* **RECORDED DATA**:

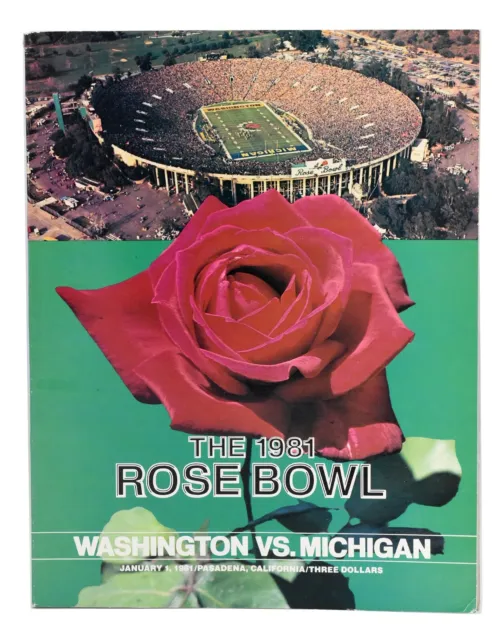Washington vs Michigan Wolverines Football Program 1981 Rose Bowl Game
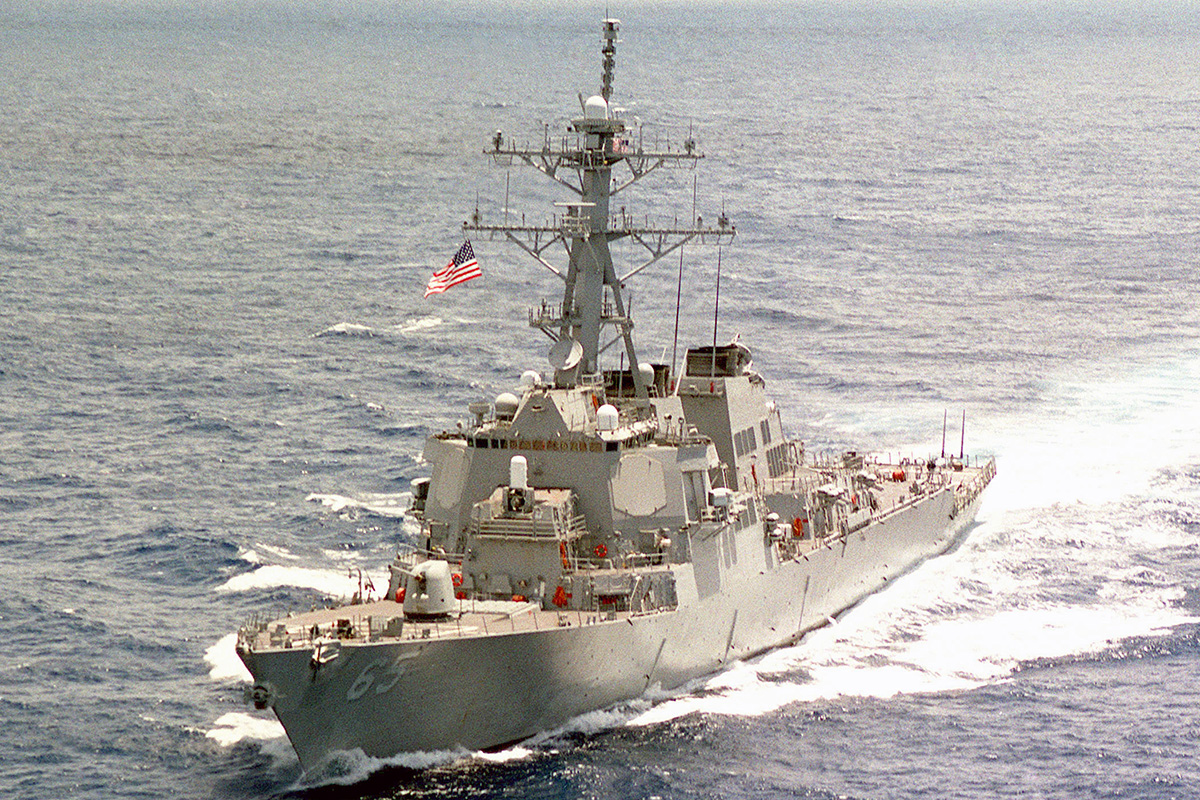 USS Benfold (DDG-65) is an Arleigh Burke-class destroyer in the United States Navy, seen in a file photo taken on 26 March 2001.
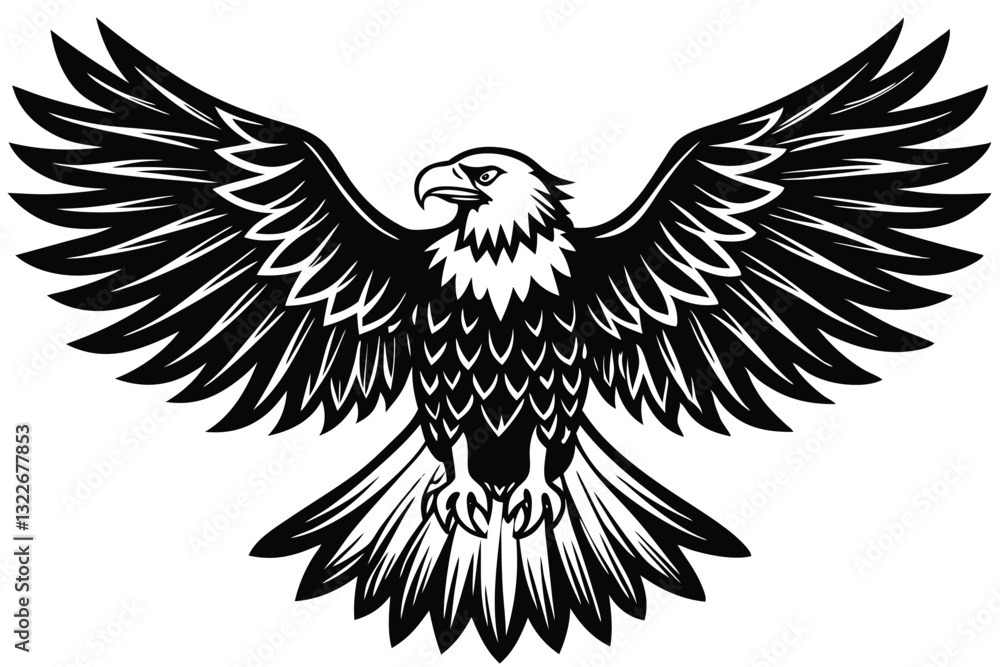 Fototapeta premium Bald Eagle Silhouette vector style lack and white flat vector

* **WHAT YOU ARE ASKED TO DO**:
Keep the pictures out and transcribe the listing exactly.

* **TASK SOLUTION**:
Washington vs Michigan Wolverines Football Program 1981 Rose Bowl Game
 USS Benfold (DDG-65) is an Arleigh Burke-class destroyer in the United States Navy, seen in a file photo taken on 26 March 2001.
 Fototapeta premium Bald Eagle Silhouette vector style lack and white flat vector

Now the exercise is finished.